Chinese prizes are often controversial, one way or another. When Liu Xiaobo got the peace prize, American and European media outlets lauded the decision and quickly began reporting about the lack of reports in the Chinese press. When the latter finally began to surly comment on the whole thing, it led to counter-reports in the Western media. This dance has repeated itself in other cases and both sides just tend to say their standard lines, so when the dance was turned on its head this week, it was slightly amusing to see disgruntled reports in the Western press. As amusing as these debates might be, I don’t find them very substantial, and it says almost nothing about the object of the controversy.

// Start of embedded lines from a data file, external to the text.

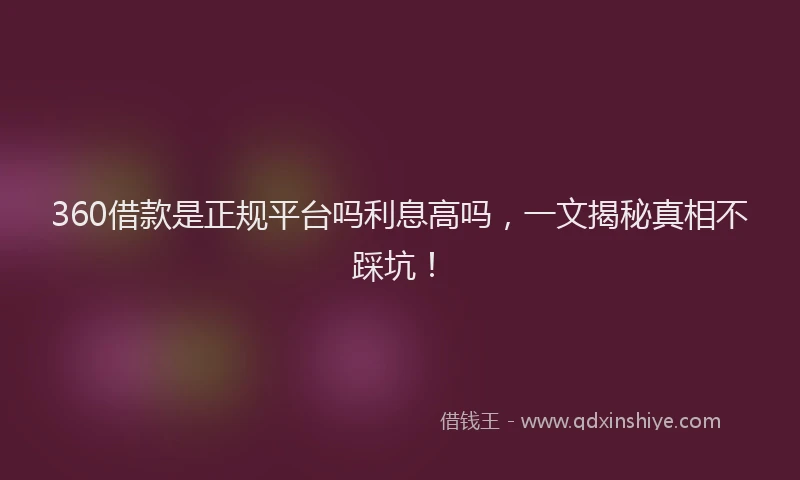 360借款是正规平台吗利息高吗，一文揭秘真相不踩坑！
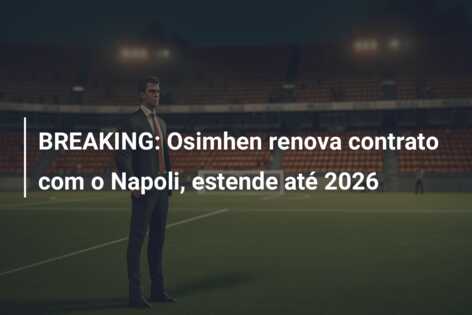 BREAKING: Osimhen renova contrato com o Napoli, estende até 2026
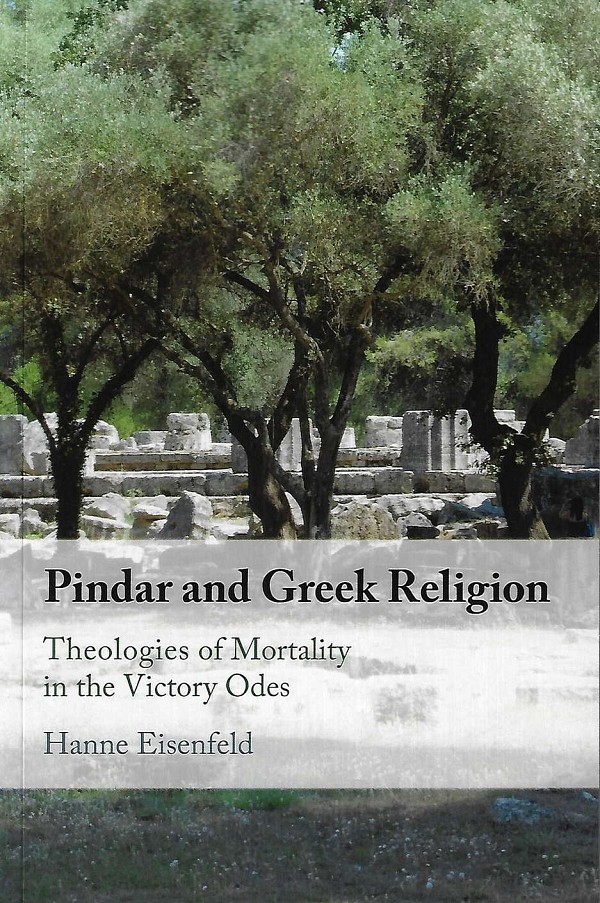 Pindar and Greek Religion. Theologies of Mortality in the Victory Odes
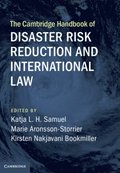 Cambridge Handbook of Disaster Risk Reduction and International Law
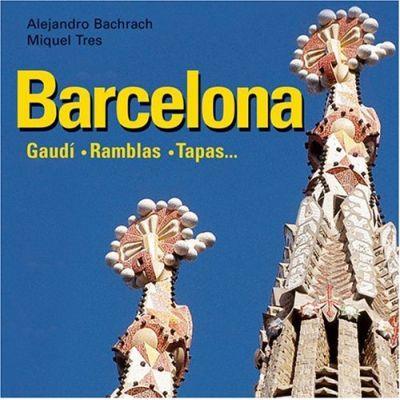 BARCELONA, GAUDI, RAMBLAS, TAPAS | 9783899853285 | BACHRACH, ALEJANDRO - TRES, MIQUEL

While many Chinese might not have known a lot about Liu Xiaobo, most of the comments in the foreign press seems to be from people who haven’t read anything by Mo Yan. Perhaps this is not surprising as much contemporary literature in China haven’t been translated to other languages. The Nobel Prize of Literature has been criticized for awarding authors that are not mainstream, but what this shows is often more the ethnocentrism of the critics than anything else. Authors that are awarded are almost always mainstream in their own countries. The prize itself has gone from being a very Europe-centered affair back in the early and middle 20th century, to something more substantially global the last decades, though one can of course question the choices of the committee (*).

My own first contact with Mo Yan was back in 2001 when I read the novel “红树林”. Not one of his more famous works, I found it a very apt description of the corruption and bleak materialism of the then newly formed upper class of China. Other books seems to have left a stronger impression on me, but the same year his “檀香刑” (Sandalwood Death) was published, and made quite a bit of a stir. Written in a local dialectal style, the book is an orgy in violence committed by European occupiers, boxers and local rulers. The “sandalwood punishment” is very graphically described and I’m not going to go into the gruesome details here, but suffice it to say that it’s on the same level of torture as the lingchi procedure, which has been described elsewhere.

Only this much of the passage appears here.